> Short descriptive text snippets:
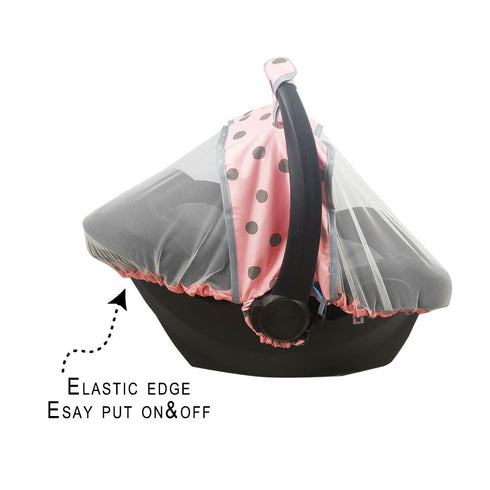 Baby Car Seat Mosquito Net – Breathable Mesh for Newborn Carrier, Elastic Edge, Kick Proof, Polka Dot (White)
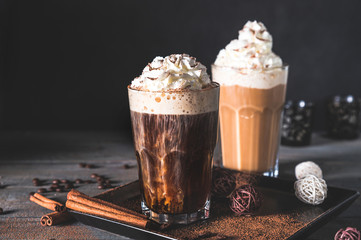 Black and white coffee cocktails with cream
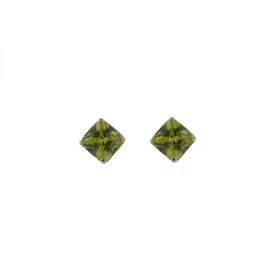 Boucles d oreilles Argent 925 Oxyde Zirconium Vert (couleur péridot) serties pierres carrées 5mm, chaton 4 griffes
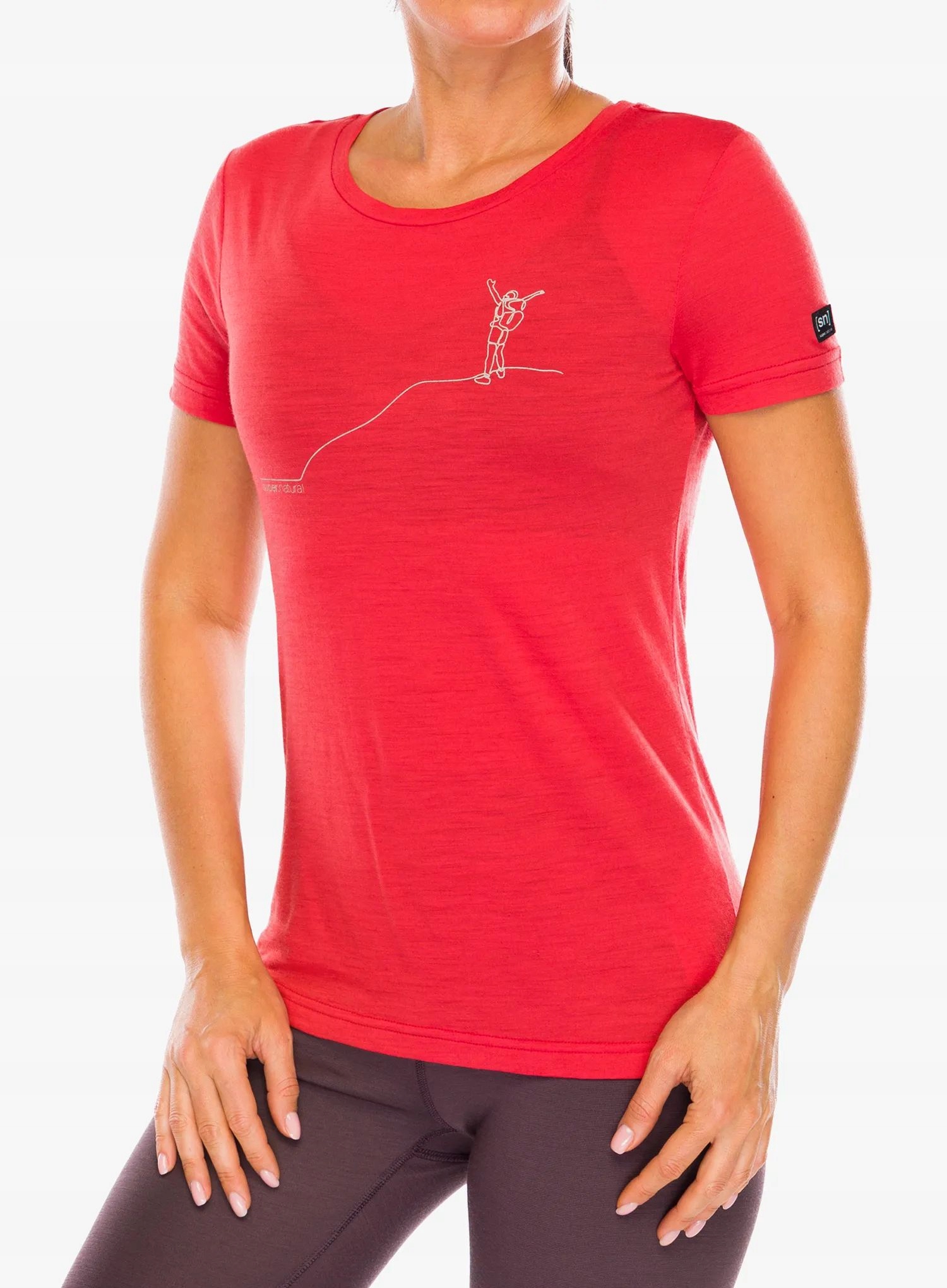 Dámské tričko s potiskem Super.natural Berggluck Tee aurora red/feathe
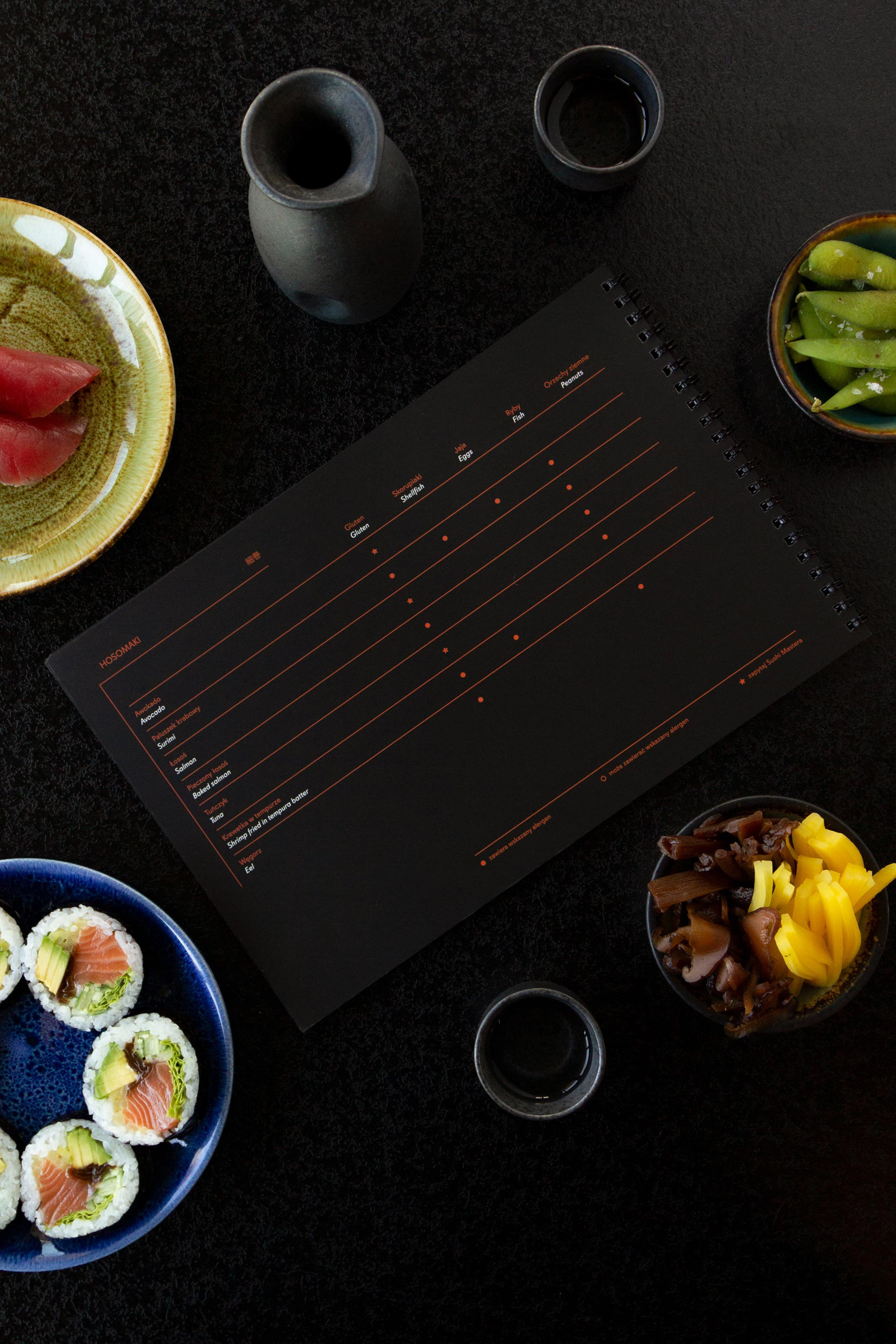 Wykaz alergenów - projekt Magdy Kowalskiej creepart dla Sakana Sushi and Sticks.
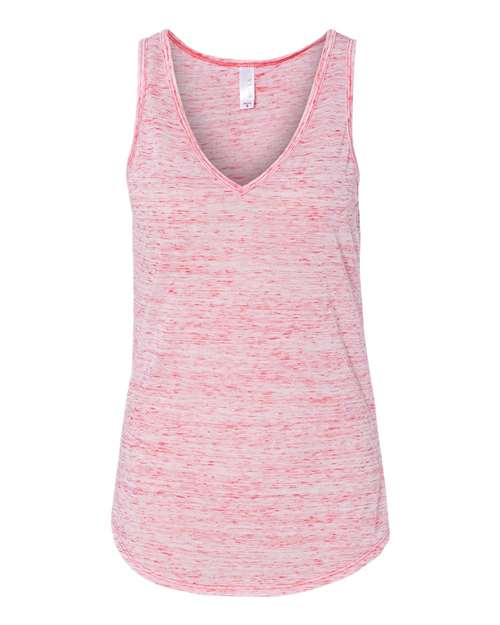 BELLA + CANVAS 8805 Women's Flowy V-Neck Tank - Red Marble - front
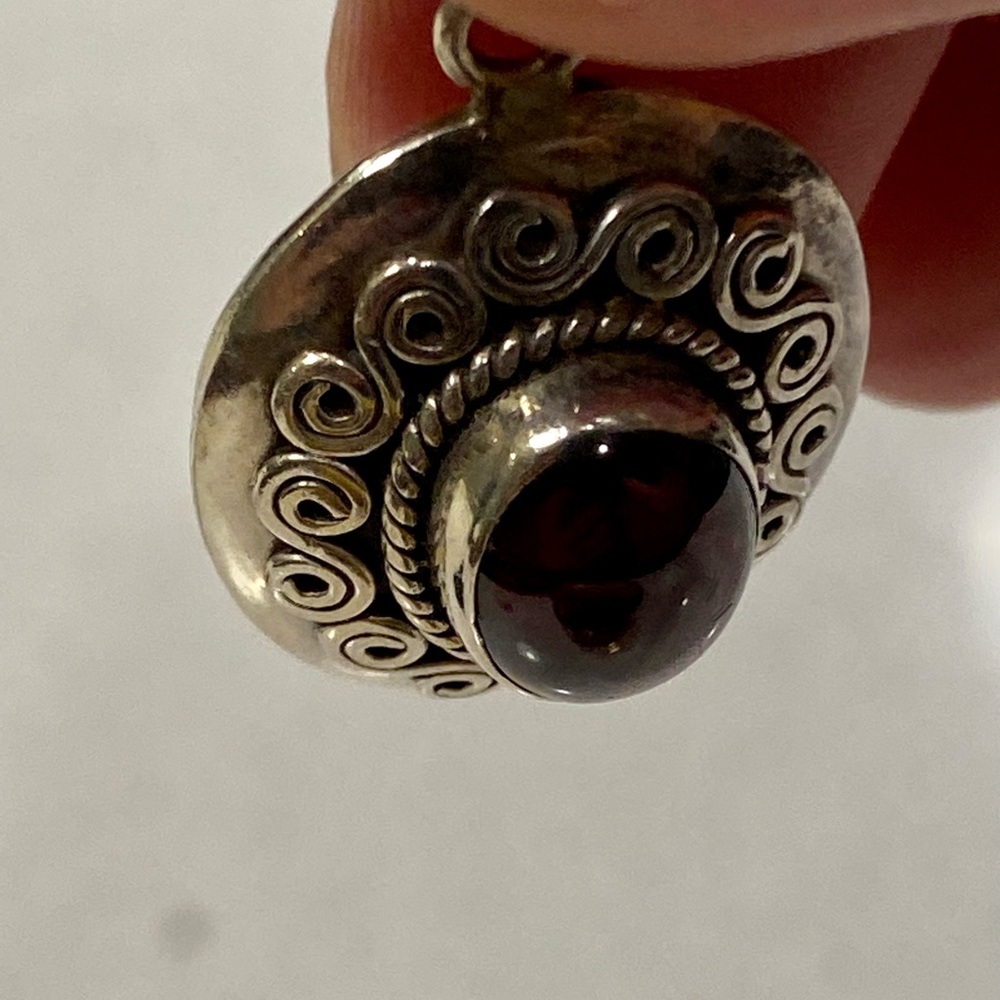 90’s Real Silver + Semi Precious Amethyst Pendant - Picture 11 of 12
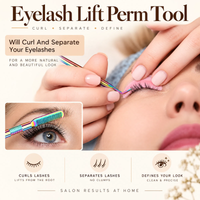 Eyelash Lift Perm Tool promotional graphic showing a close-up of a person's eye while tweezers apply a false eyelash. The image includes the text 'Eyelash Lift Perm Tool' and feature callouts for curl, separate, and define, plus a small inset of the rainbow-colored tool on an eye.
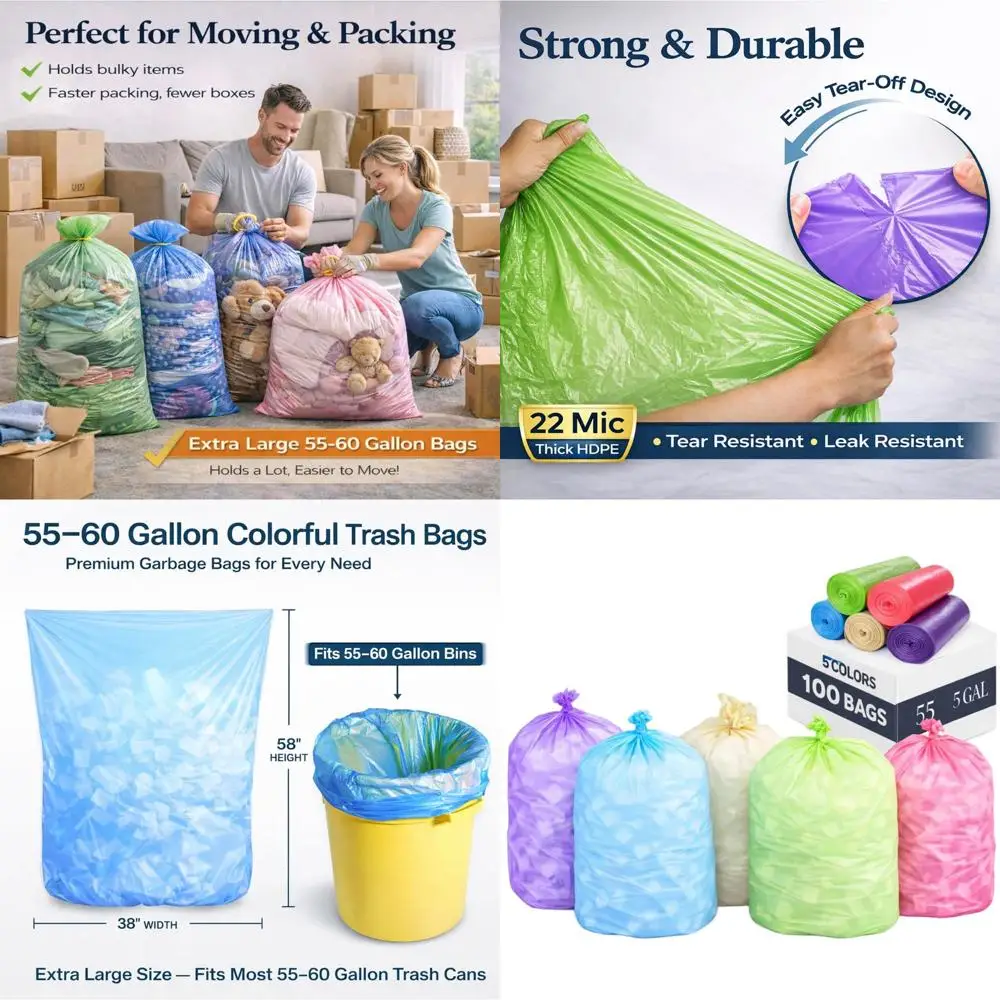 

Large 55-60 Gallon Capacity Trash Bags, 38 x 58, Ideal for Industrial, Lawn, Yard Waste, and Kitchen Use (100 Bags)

> WHAT NEEDS TO BE DONE:
Above are the records; return them exactly, minus the pictures.

> PROBLEM SOLUTION:
 Baby Car Seat Mosquito Net – Breathable Mesh for Newborn Carrier, Elastic Edge, Kick Proof, Polka Dot (White)
 Black and white coffee cocktails with cream
 Boucles d oreilles Argent 925 Oxyde Zirconium Vert (couleur péridot) serties pierres carrées 5mm, chaton 4 griffes
 Dámské tričko s potiskem Super.natural Berggluck Tee aurora red/feathe
 Wykaz alergenów - projekt Magdy Kowalskiej creepart dla Sakana Sushi and Sticks.
 BELLA + CANVAS 8805 Women's Flowy V-Neck Tank - Red Marble - front
 90’s Real Silver + Semi Precious Amethyst Pendant - Picture 11 of 12
 Eyelash Lift Perm Tool promotional graphic showing a close-up of a person's eye while tweezers apply a false eyelash. The image includes the text 'Eyelash Lift Perm Tool' and feature callouts for curl, separate, and define, plus a small inset of the rainbow-colored tool on an eye.

Large 55-60 Gallon Capacity Trash Bags, 38 x 58, Ideal for Industrial, Lawn, Yard Waste, and Kitchen Use (100 Bags)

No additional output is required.